→ **Task instructions**:
Set down exactly the lines from the first line of the records through the line that contains "NWOT Classic White Scoop Neck Tank Top", and leave every picture out.

→ **Material provided**:

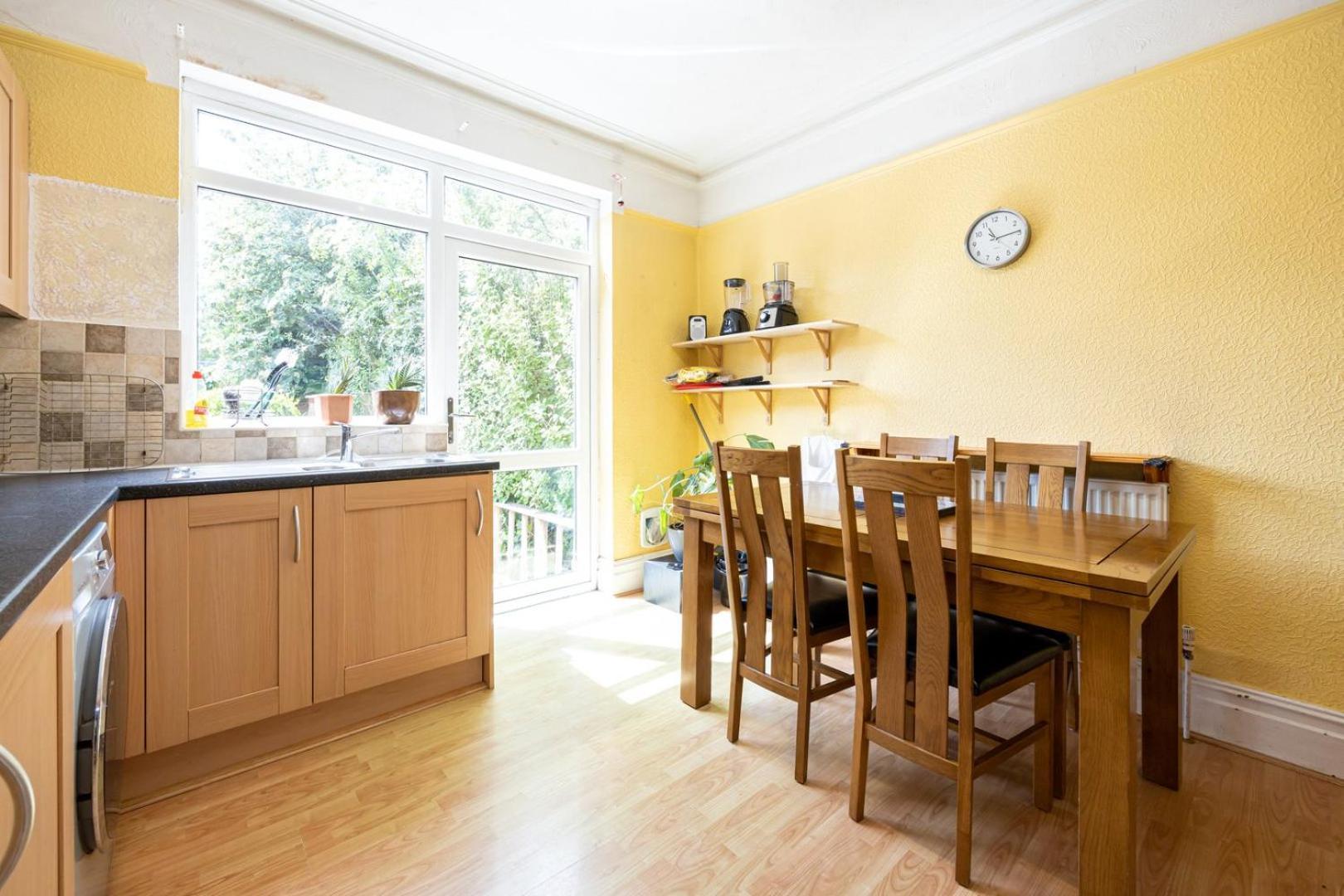 Guestready - Enchanting Life In Gorse Hill Manchester Ngoại thất bức ảnh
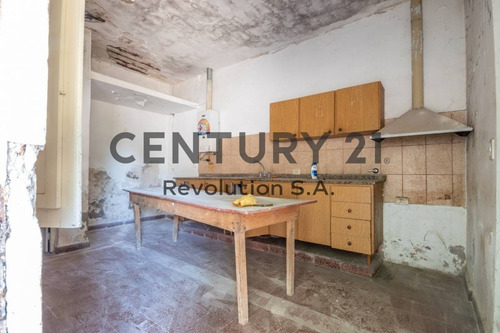 Imagen 7 de 19 de Casa A Remodelar En San Lorenzo - Alem Y San Carlos - Permutas - 324,7 M²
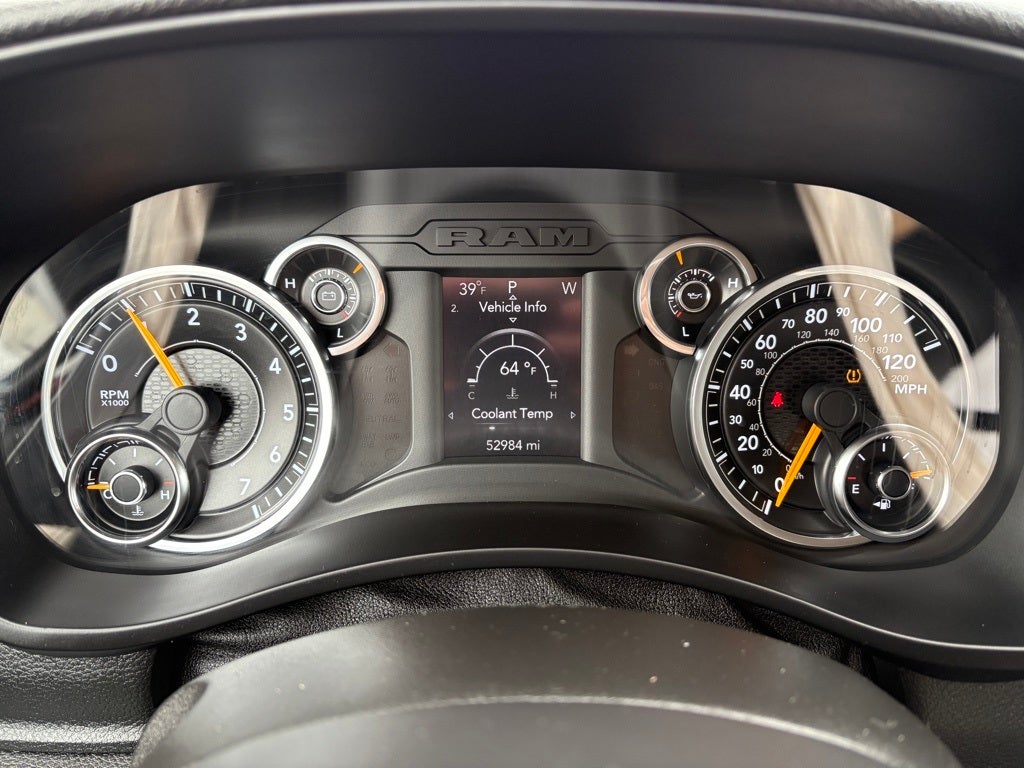 2019 RAM 2500 Tradesman Crew Cab 4x4 6'4' Box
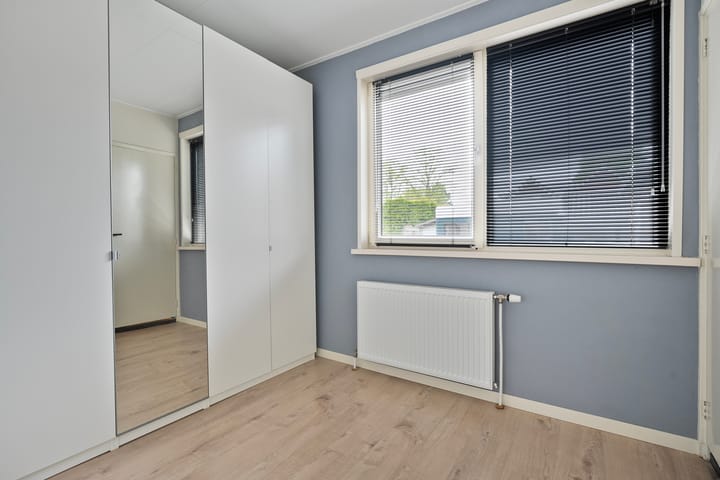 Foto 23 van Julianalaan 1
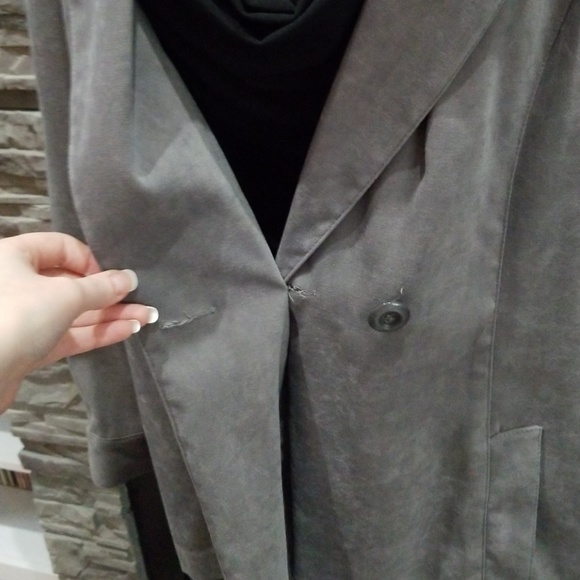 DONATED. Vintage microsuede blazer - Picture 5 of 8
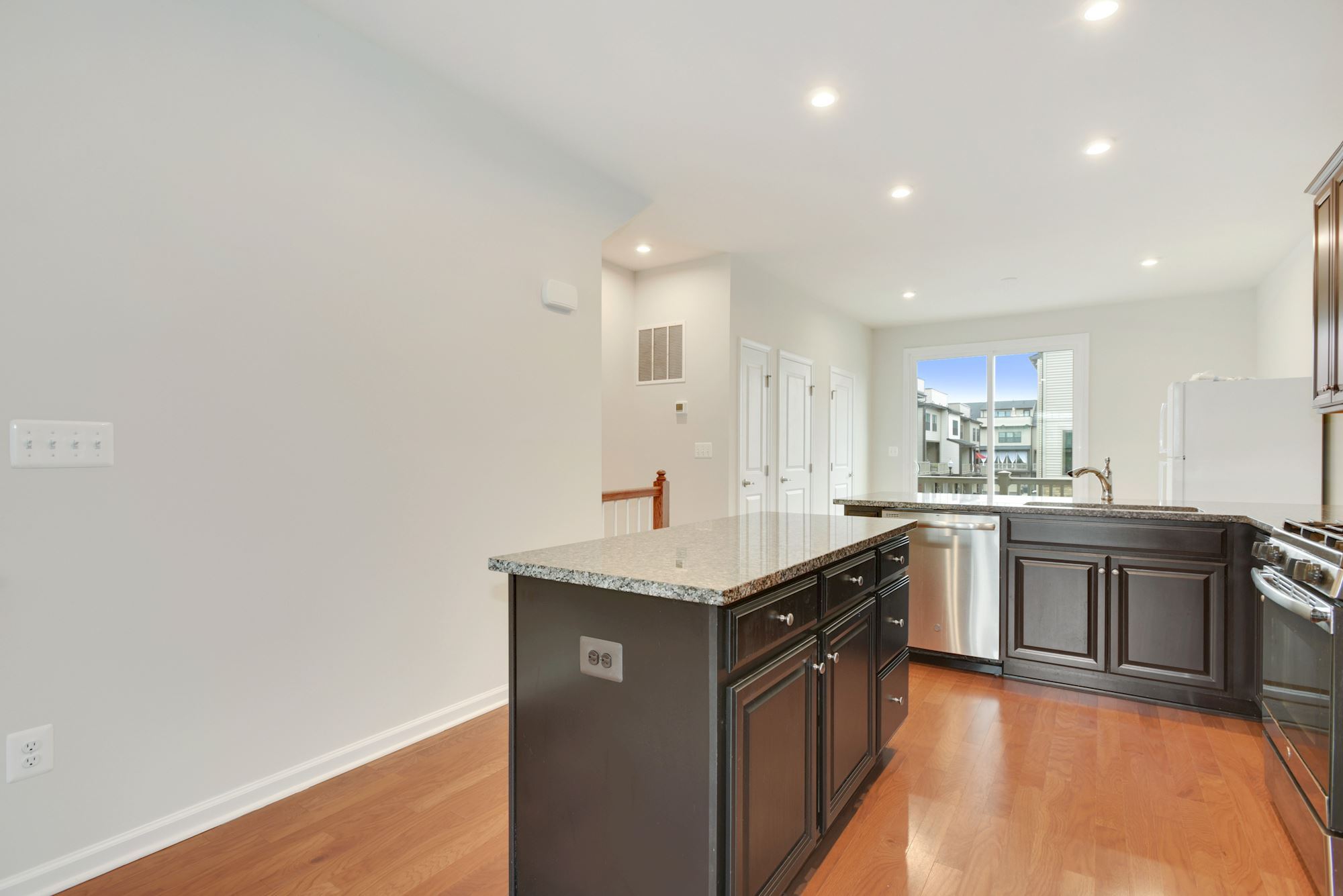 Building Photo - 43501 Apple Orchard Sq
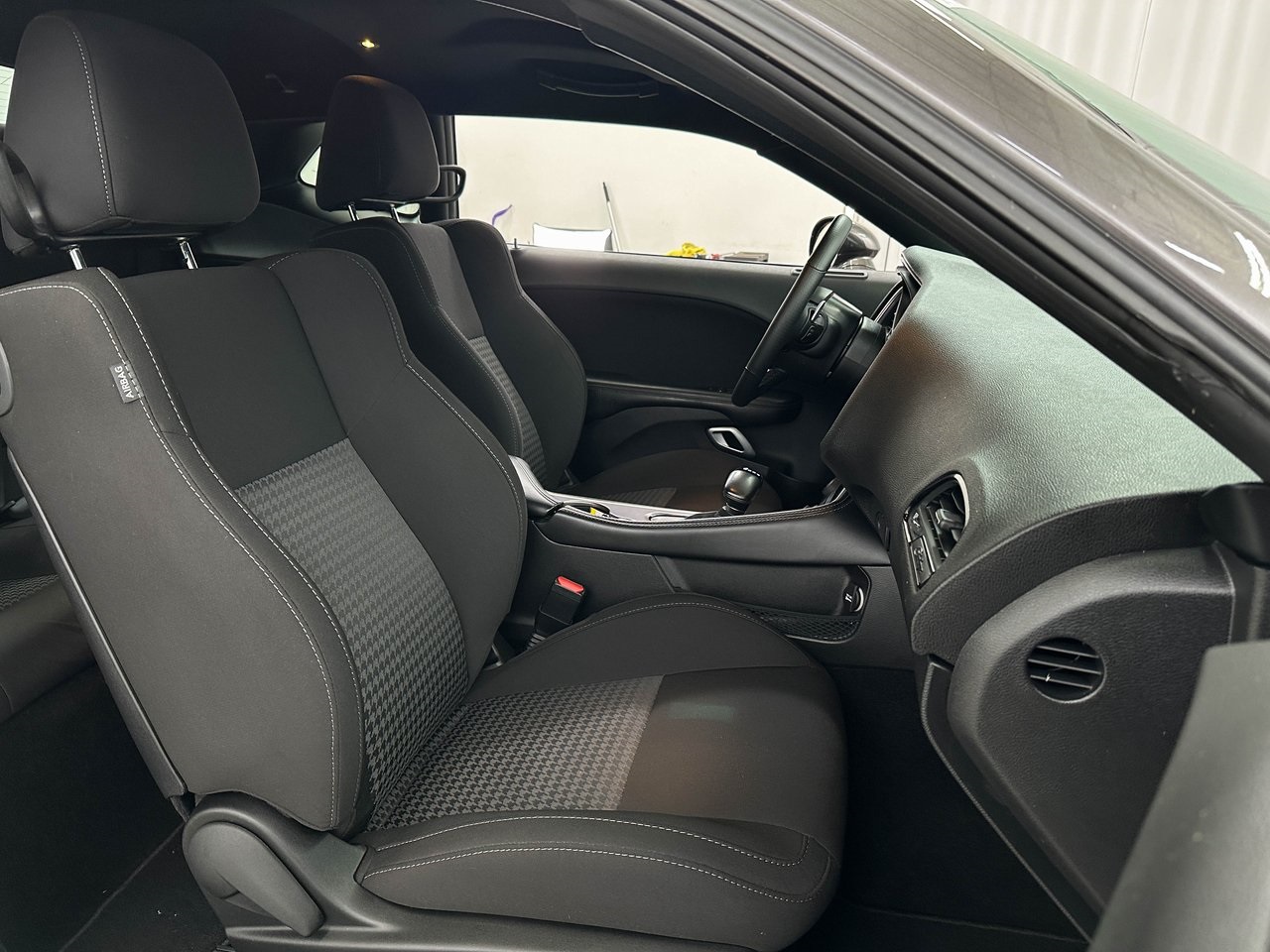 2022 Dodge Challenger GT photo 18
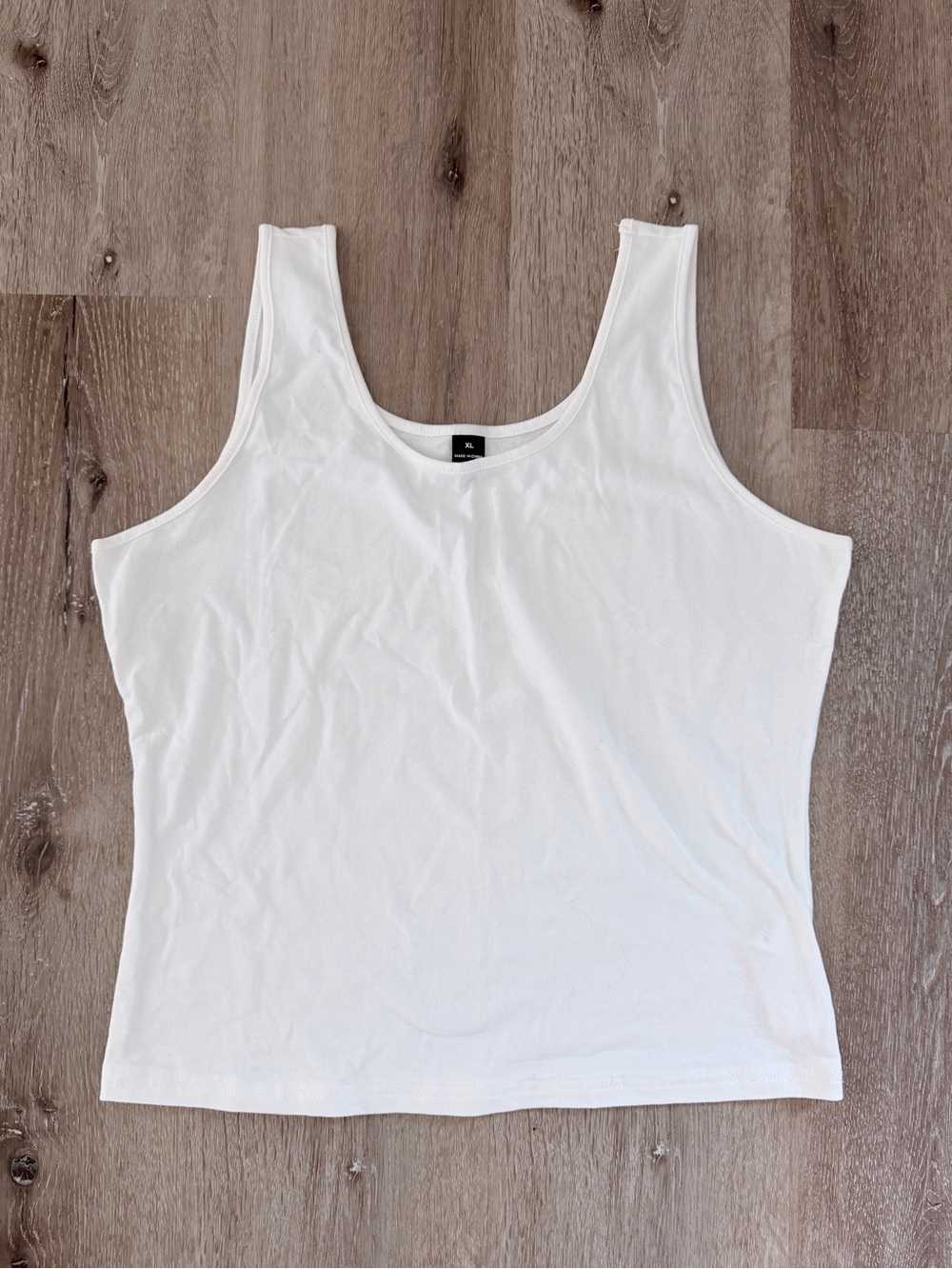NWOT Classic White Scoop Neck Tank Top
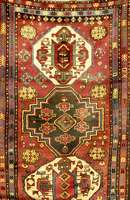 Lori Pampak, Kaukasus, um 1900, Wolle auf Wolle, ca. 226 x 134 cm, Schätzwert: 13000.- EURO, EHZ: 3 (altersbedingt in einen guten Erh ...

→ **Exercise answer**:
 Guestready - Enchanting Life In Gorse Hill Manchester Ngoại thất bức ảnh
 Imagen 7 de 19 de Casa A Remodelar En San Lorenzo - Alem Y San Carlos - Permutas - 324,7 M²
 2019 RAM 2500 Tradesman Crew Cab 4x4 6'4' Box
 Foto 23 van Julianalaan 1
 DONATED. Vintage microsuede blazer - Picture 5 of 8
 Building Photo - 43501 Apple Orchard Sq
 2022 Dodge Challenger GT photo 18
NWOT Classic White Scoop Neck Tank Top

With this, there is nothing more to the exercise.